Tak sekadar pertunjukan

Wayang Sasak adalah instrumen komunikasi simbolik yang awalnya digunakan untuk media dakwah agama Islam di Pulau Lombok. Setiap tokoh wayang punya moral beragam yang menjadi pedoman dan pembelajaran bagi masyarakat.

Selain berfungsi untuk syiar agama, wayang Sasak juga berperan sebagai alat pendidikan, media penerangan, dan sarana hiburan.

Buku berjudul Wayang Sasak yang diterbitkan oleh Departemen Pendidikan dan Kebudayaan Bagian Proyek Pengembangan Permuseuman Nusa Tenggara Barat pada tahun 1987 menyebutkan bahwa wayang merupakan salah satu unsur kebudayaan asli Indonesia dan telah ada sebelum kebudayaan Hindu masuk ke Indonesia.

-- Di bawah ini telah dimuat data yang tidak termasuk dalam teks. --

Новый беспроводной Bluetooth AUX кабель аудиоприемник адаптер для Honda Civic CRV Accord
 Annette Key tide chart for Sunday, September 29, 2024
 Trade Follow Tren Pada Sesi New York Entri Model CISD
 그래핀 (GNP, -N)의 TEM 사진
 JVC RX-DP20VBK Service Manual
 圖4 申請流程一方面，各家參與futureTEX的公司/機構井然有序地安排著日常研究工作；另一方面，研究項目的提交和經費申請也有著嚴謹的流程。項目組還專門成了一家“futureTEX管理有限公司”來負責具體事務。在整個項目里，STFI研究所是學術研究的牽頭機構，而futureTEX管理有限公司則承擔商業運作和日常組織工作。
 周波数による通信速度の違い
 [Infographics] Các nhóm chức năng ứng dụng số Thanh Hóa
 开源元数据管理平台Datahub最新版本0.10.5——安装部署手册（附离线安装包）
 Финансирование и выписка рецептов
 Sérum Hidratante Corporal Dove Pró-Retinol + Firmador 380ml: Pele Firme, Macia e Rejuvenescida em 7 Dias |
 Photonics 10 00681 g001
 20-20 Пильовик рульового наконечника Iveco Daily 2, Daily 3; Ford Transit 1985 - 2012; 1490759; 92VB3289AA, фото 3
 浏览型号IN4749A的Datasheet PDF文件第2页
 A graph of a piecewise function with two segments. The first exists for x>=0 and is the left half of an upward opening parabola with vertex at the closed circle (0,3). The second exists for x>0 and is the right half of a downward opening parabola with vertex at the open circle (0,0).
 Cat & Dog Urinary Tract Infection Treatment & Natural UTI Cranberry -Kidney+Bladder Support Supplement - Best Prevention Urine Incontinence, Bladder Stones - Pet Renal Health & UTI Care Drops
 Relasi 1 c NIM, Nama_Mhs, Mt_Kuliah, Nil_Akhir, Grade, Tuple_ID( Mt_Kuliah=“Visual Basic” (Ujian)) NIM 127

Saat itu wayang berfungsi sebagai personafikasi perwujudan para leluhur. Setelah kebudayaan Hindu masuk ke Indonesia, sekitar abad ke-5 masehi, pewayangan mendapat pengaruh yang lebih luas terutama dalam mewujudkan tema dan bentuknya yang lebih disempurnakan.

Sejak 1976 hingga sekarang, Museum Negeri Nusa Tenggara Barat terus berusaha menyimpan, memelihara, dan memperkenalkan wayang Sasak sebagai salah satu bagian dari koleksi museum pelat merah tersebut.

Pada 21 September 2024, acara bertajuk Meseum Begawe yang menyuguhkan pagelaran wayang Sasak adalah salah satu upaya Museum Negeri Nusa Tenggara Barat dalam merawat tradisi tutur dan pentas wayang Sasak.

Sejumlah penonton menyaksikan pertunjukan wayang Sasak yang dibawakan oleh maestro dalang Lalu Nasib AR dalam acara bertajuk Museum Begawe di Lapangan Kolaborasi Museum Negeri Nusa Tenggara Barat, Kota Mataram, Sabtu (21/9/2024). (ANTARA/Sugiharto Purnama)


"Museum berkepentingan untuk melestarikan itu agar pelestariannya bisa kami teruskan ke generasi mendatang," kata Kepala Museum Nusa Tenggara Barat Ahmad Nuralam.

Pagelaran wayang Sasak yang menghadirkan maestro Lalu Nasib AR adalah bentuk apresiasi dan pelestarian Museum Negeri Nusa Tenggara Barat terhadap seni pertunjukan tradisional di Pulau Lombok.

Pada tahun 2013, Kementerian Pendidikan dan Kebudayaan RI melalui surat keputusan nomor 238/M/2013 menetapkan wayang Sasak sebagai warisan budaya tak benda dari Nusa Tenggara Barat yang masuk ke dalam domain seni pertunjukan.